**Problem to work on**
Search the data for "Women". Return each matching line.

**Working data**

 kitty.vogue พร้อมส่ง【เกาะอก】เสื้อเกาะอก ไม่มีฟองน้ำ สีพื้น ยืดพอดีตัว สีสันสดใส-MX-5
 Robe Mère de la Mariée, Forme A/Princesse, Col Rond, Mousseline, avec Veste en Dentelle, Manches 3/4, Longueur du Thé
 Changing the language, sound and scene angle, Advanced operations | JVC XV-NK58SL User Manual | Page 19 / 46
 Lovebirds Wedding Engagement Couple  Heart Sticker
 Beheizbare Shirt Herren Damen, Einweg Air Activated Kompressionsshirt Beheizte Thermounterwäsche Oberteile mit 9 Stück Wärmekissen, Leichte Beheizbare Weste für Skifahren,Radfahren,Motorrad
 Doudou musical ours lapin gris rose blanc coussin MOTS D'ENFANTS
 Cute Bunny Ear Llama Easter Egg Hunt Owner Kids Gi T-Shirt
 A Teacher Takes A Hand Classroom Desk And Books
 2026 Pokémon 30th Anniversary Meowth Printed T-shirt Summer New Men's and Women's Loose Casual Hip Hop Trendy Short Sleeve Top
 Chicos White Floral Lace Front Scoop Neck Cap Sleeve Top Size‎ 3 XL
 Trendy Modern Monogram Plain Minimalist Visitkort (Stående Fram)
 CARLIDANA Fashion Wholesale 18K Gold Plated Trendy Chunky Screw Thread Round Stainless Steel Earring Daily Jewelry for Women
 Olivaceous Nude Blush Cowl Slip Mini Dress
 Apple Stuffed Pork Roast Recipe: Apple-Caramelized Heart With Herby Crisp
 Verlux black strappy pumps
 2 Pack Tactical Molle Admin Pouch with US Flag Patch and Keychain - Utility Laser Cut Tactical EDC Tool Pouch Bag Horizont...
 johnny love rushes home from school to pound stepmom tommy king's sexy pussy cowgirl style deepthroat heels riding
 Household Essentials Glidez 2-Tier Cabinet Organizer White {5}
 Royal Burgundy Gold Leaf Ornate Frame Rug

**Reply to the exercise**
 2026 Pokémon 30th Anniversary Meowth Printed T-shirt Summer New Men's and Women's Loose Casual Hip Hop Trendy Short Sleeve Top
 CARLIDANA Fashion Wholesale 18K Gold Plated Trendy Chunky Screw Thread Round Stainless Steel Earring Daily Jewelry for Women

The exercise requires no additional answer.